<<<<

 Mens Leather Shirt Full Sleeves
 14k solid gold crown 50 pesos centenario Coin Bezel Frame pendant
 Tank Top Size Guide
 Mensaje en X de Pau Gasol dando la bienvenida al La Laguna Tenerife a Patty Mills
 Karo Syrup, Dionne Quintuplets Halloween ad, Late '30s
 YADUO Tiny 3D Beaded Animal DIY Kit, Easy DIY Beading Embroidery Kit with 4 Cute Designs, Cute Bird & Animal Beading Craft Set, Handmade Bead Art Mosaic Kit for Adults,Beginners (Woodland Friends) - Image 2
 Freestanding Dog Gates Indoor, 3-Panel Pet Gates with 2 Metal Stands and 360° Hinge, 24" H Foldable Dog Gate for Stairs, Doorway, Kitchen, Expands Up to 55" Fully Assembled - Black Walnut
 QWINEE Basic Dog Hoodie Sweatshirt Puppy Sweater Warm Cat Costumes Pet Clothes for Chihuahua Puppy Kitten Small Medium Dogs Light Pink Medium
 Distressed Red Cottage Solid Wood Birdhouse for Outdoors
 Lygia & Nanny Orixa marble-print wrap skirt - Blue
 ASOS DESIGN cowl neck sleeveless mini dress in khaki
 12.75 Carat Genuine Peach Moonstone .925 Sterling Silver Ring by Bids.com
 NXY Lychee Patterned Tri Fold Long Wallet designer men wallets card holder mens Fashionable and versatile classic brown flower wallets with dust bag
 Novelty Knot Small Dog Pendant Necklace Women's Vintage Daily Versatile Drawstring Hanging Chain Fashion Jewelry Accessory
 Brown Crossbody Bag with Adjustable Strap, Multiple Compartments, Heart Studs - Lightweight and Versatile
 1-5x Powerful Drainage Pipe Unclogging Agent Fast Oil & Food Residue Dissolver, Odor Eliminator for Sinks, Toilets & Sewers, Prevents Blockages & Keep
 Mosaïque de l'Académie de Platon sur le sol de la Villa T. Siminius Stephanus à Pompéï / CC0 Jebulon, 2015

>>>>

## The problem
Each line, starting with the one that holds "1-5x Powerful Drainage" and ending with the last line of the listing, is to be restated exactly.

## Reply to the task
 1-5x Powerful Drainage Pipe Unclogging Agent Fast Oil & Food Residue Dissolver, Odor Eliminator for Sinks, Toilets & Sewers, Prevents Blockages & Keep
 Mosaïque de l'Académie de Platon sur le sol de la Villa T. Siminius Stephanus à Pompéï / CC0 Jebulon, 2015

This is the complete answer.